Question

To throw a discus, the thrower holds it with a fully out-stretched arm. Starting from rest, he begins to turn with a con-stant angular acceleration, releasing the discus after making one complete revolution. The diameter of the circle in which the discus moves is about 1.8 m.

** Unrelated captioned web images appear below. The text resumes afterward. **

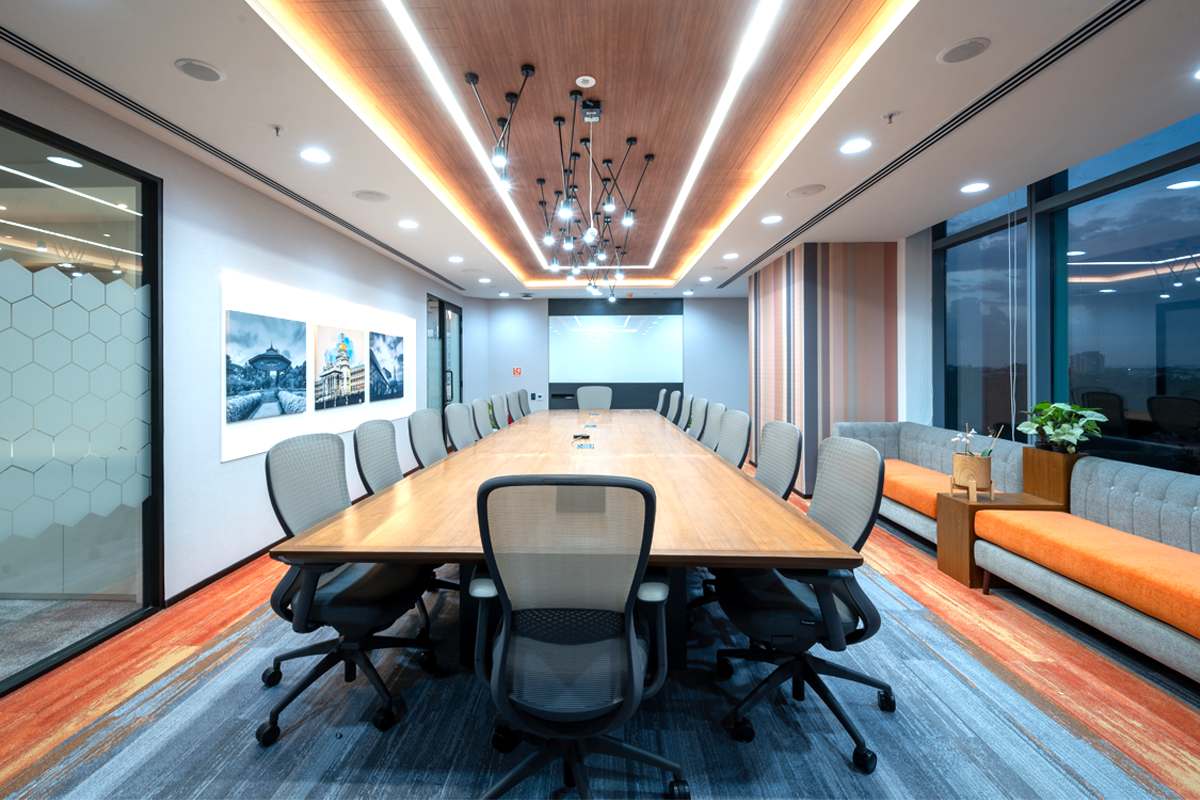 SKY Engineering Interiors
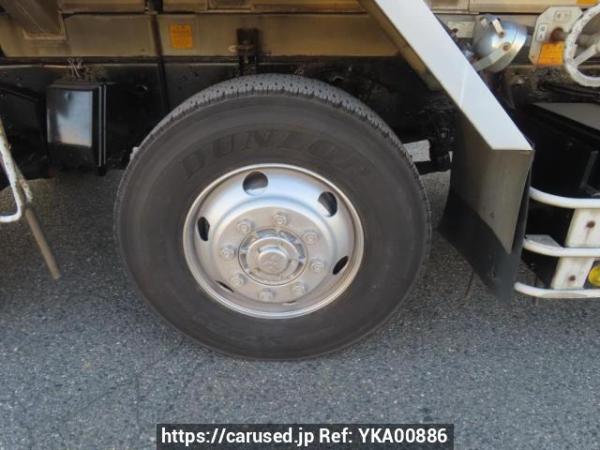 Used 2004 MT mitsubishi-fuso super-great FT50JNY Image[38]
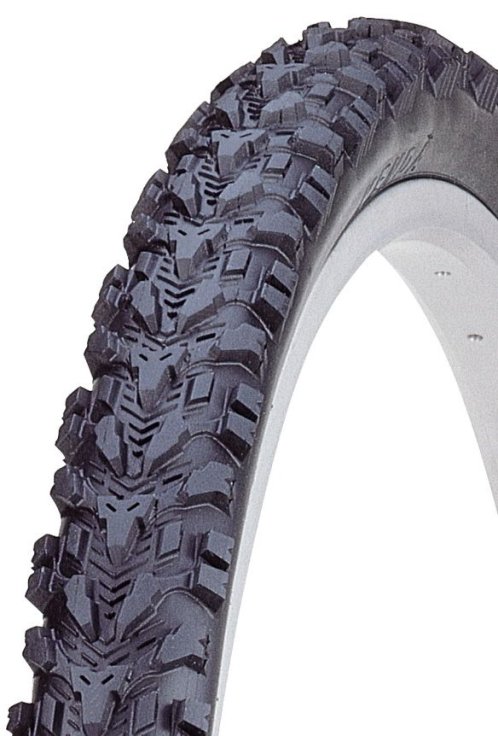 

Покрышка Kenda 26"x2,1, K-901F, KOYOTE ,черная (26")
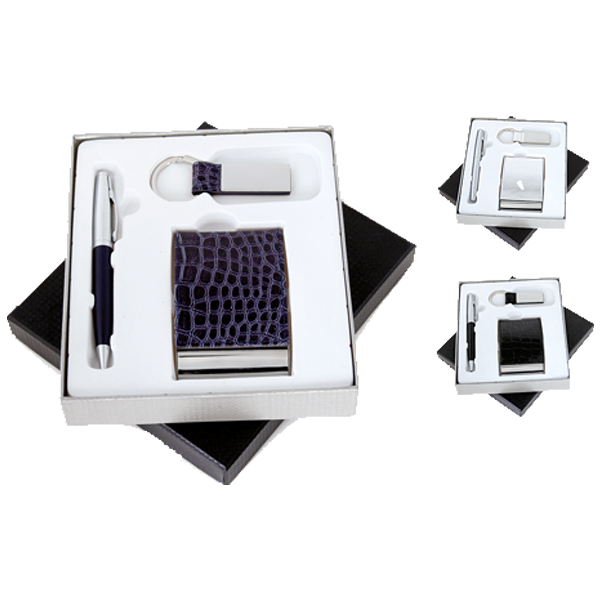 MİKRO TAKIM KALEM 3 LÜ KROM BS-581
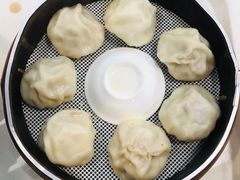 -百年尹氏汤包(湖南路狮子桥店)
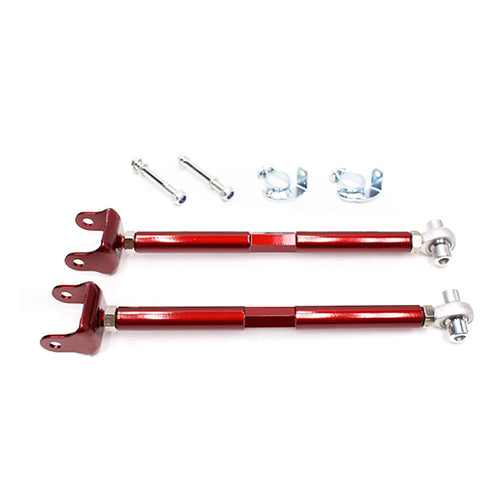 GSP Godspeed Project - Acura TSX (CU) 2009-14 Adjustable Rear Camber Arms With Spherical Bearings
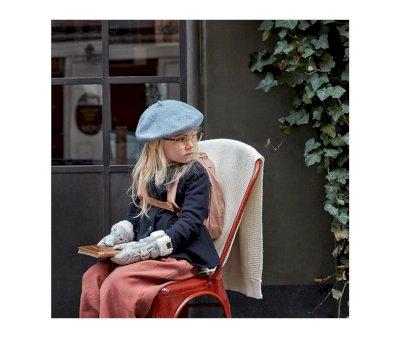 Mini Zaino Elodie Faded Rose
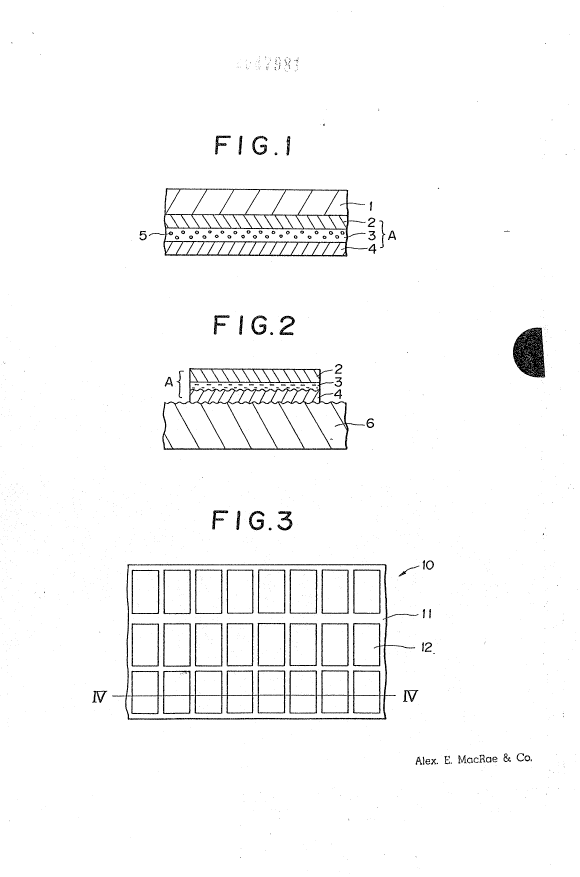 Canadian Patent Document 2047981. Drawings 19931224. Image 1 of 5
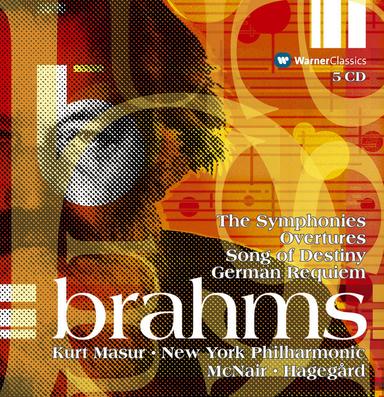 Brahms: Symphony No. 3 in F Major, Op. 90: III. Poco allegretto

If the thrower takes 1.0 s to complete one revolution, starting from rest, what will be the speed of the discus at release?

Answer 1

11.3m/s

Step-by-step explanation:

We can find the solution through the rotational motion of the discus,

`\theta = w_it+(1)/(2)\alpha t^2`

Where,

`\theta = 2\pi`

`w_i=0`

`t=1s`

Solving to find
`\alpha`,

`2\pi = (0)(1)+(1)/(2)\alpha (1)^2`

`\alpha = (2\pi)/(0.5)`

`\alpha = 12.6 rad/s^2`

Therefore we can find the final angular velocity, through the rotational motion equation given by,

`w_f = w_i + \alpha t`

Substituting,

`w_f = 0 + 12.6*(1)`

`w_f =12.6rad/s`

The diameter of the circle is 1.8m, then the ratio will be the half, i.e,

`r=0.9m`

The relation between linear velocity and angular velocity is

`v=rw_f`

`v=(0.9)(12.6)`

`v=11.3m/s`